With its upcoming marginal field bidding round, on-going licensing of several blocks from this year onward, and numerous opportunities across the gas value-chain, Angola has become one of the most attractive and lucrative markets for oil investors on the continent.
Production levels in Angola are expected to soar by 2020 following the country’s restructuring, including the reorganisation of the state oil company Sonangol. This adds to a drastic revision of Angola’s legislation related to oil and gas. The government is determined to spur growth in the sector, encourage exploration in development areas, improve operation efficiencies, reduce taxes, empower the private sector, and attract investors.
“The creation of the new Angola National Petroleum and Gas Agency officially launched through Presidential Decree 49/19 in February 2019, is one of the most significant reforms since 2017” said Sergio Pugliese, the new African Energy Chamber President for Angola, a successful entrepreneur and oil executive, in an interview May 13.
Creation of the ANPG is part of Angola’s efforts to streamline and overhaul the governance of its hydrocarbons sector. The Agency will act as the country’s national concessionaire for hydrocarbon licences and be in charge of regulating the industry and implementing government policy. Up until now, state owned Sonangol was responsible for such licensing activities.
Nigeria’s story with oil and gas sector reform efforts has been neither as significant nor as swift as what is happening in Angola. On April 17, the Nigerian Senate reconsidered the Petroleum Industry Governance Bill (PIGB), which was rejected by President Muhammadu Buhari last year.
The PIGB and six other bills sailed through the Senate after the Senate’s technical committee worked on Buhari’s observations and re-drafted the affected clauses.
The Senate will wait for harmonisation with the House of Representatives after which the bills will be transmitted to the president for assent. Members of the lower chamber are, however, yet to reconsider the bills.
The PIGB is one of four parts of the proposed Petroleum Industry Bill (PIB), which seeks to update the out-dated provisions with a more comprehensive and current petroleum industry law that aligns with global standards. The president, earlier in July 2018, rejected the bill.

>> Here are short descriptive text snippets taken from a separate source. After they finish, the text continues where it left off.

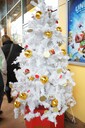 dsc09226.jpg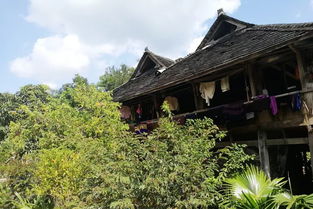 心情那么差,我想去西雙版納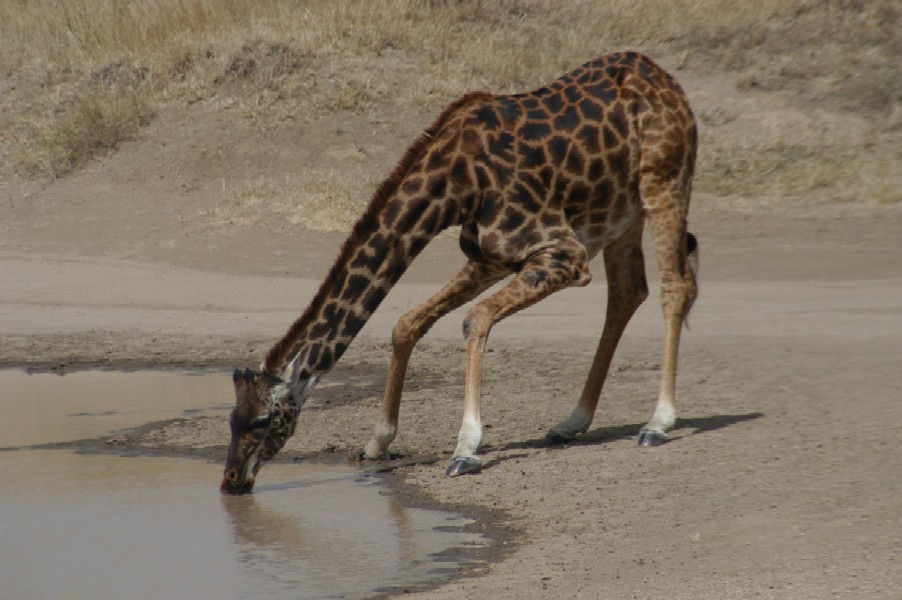 Drinking Giraffe, Serengeti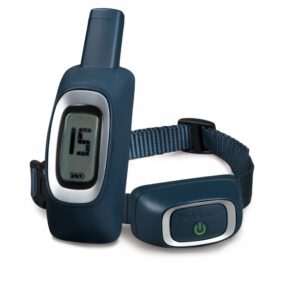 100 Yard Lite Remote Trainer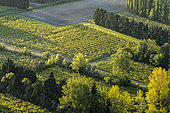 Farming in the lower Durance valley, Orgon / Sénas, Alpilles, Provence, France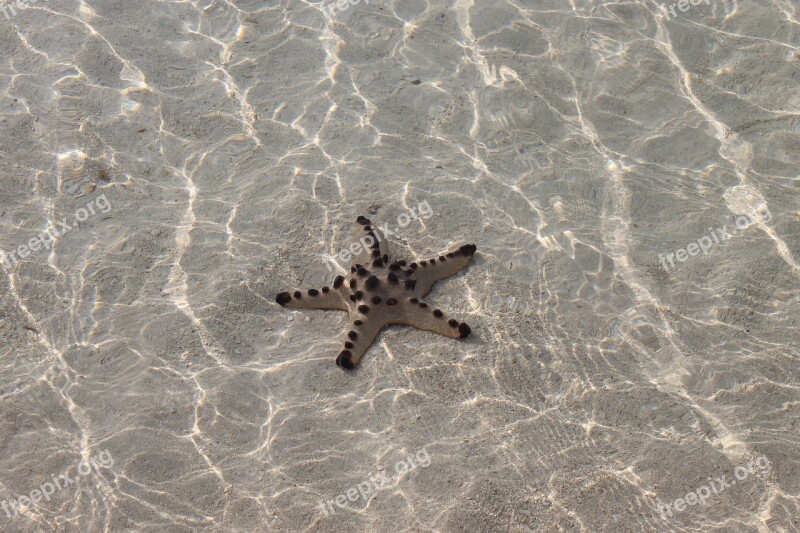 Star Fish Ocean Clear Sand Free Photos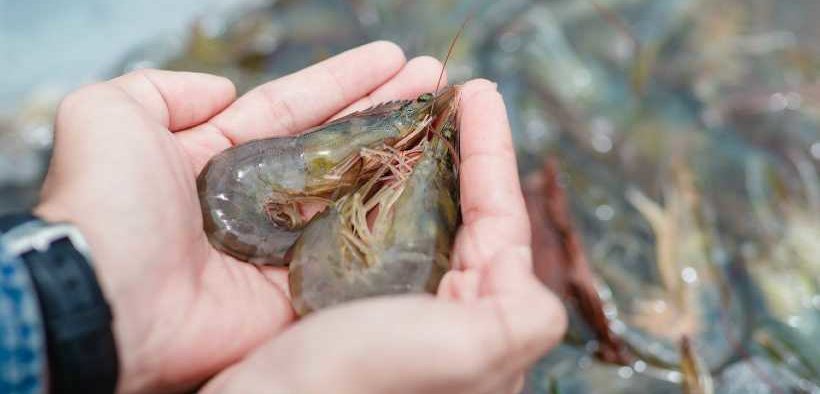 XPERTSEA SIMPLIFIES THE JOURNEY TO SELL SHRIMP RESPONSIBLY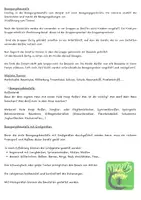 Vorschau - Stundenentwürfe - Psychomotorische Bewegungsbaustelle - Seite 2
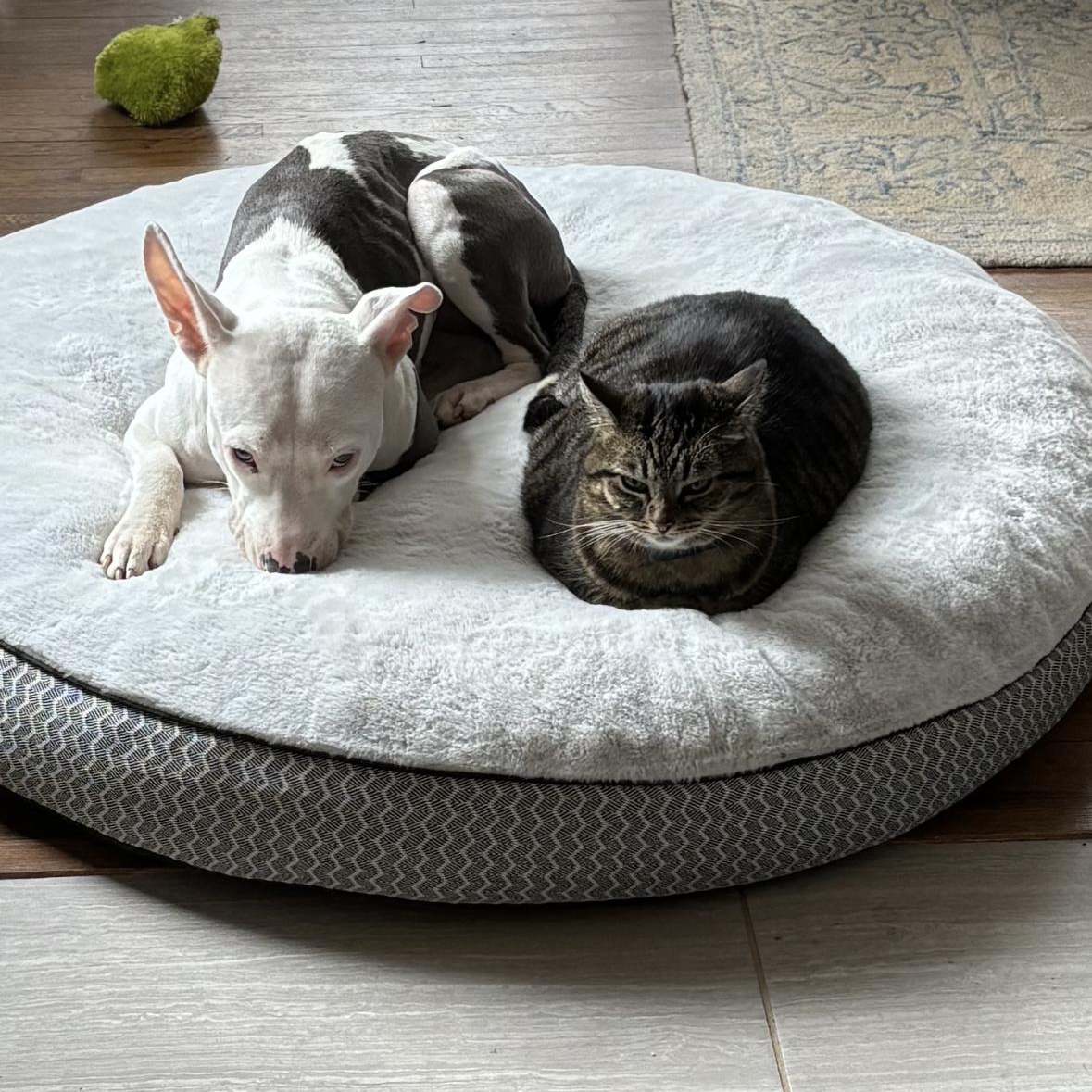 Enlarge Beatrice, a Adopted mixed breed in Charlotte, NC image 4/4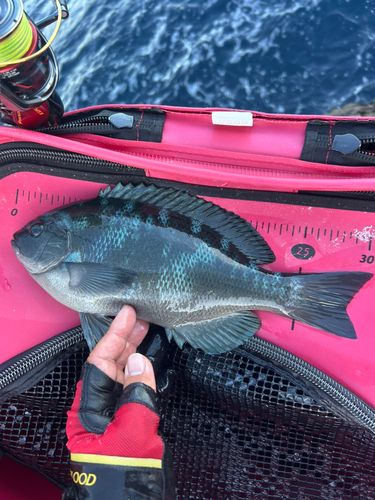 クチブトグレの釣果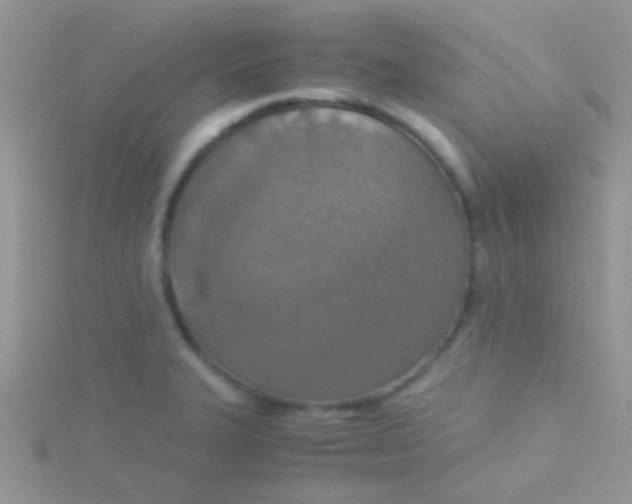 X0000115391327200911241238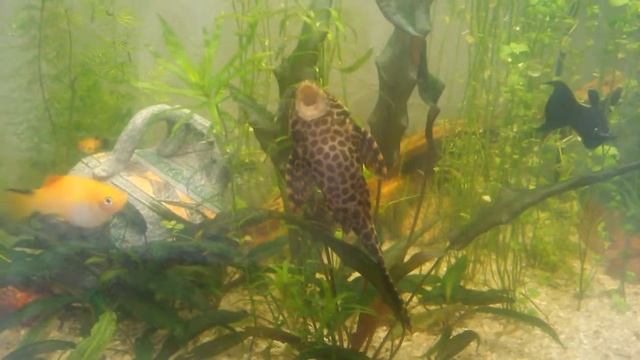 Жизнь сомиков (Catfish life) смотреть онлайн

“If we’re talking 10 or 20 years ago, there was no discussion about PIGB. Anyone looking at the Nigerian oil sector knew what to expect. But right now if you look at it, you don’t know” Jubril Kareem, an independent energy analyst said in an earlier interview. “You don’t know if the current rules you’re using will be applicable next year. Most companies would rather wait for PIGB to be sorted out before making investment decisions.”
Since 2017 elections, Angola’s oil and gas sector has been featured in numerous conferences aimed at linking top government officials with the global energy industry.
Angola is ranked second largest oil producing in sub-Saharan Africa and an Organisation of Petroleum Exporting Countries’ member with an output of approximately 1.55 million barrels of oil per day and an estimated 17, 704.5 million cubic feet of natural gas production.
The Nigerian National Petroleum Corporation had projected Nigeria’s oil reserves will hit 40 billion barrels by 2020. This was to enable Africa’s biggest oil producer increase daily production capacity to three million barrels per day, earn more revenue and stay relevant in the global oil market. The oil reserves are currently at 37 billion barrels and daily production has average 1.70 million barrels per day.
However, the Nigerian oil and gas industry is currently experiencing declining reserves owing to reduced exploration due to the absence of clear fiscal policy. This has retarded investments flows into the sector. Militancy in the Niger Delta, Nigeria’s major oil producing area has caused much concern also.
Emmanuel Ibe Kachikwu, Minister of State Petroleum Resources, recently said that Nigeria’s oil and gas industry suffers from an investment gap of $100 billion but filled $40 billion in the last two years.
“$40 billion is not enough to drive this industry. Our estimate is that we need about $100 billion in investments to propel this sector. Those investments will go into gas projects, into the pipelines that have to be replaced; they will go into new plants and into the flare policy of the federal government.”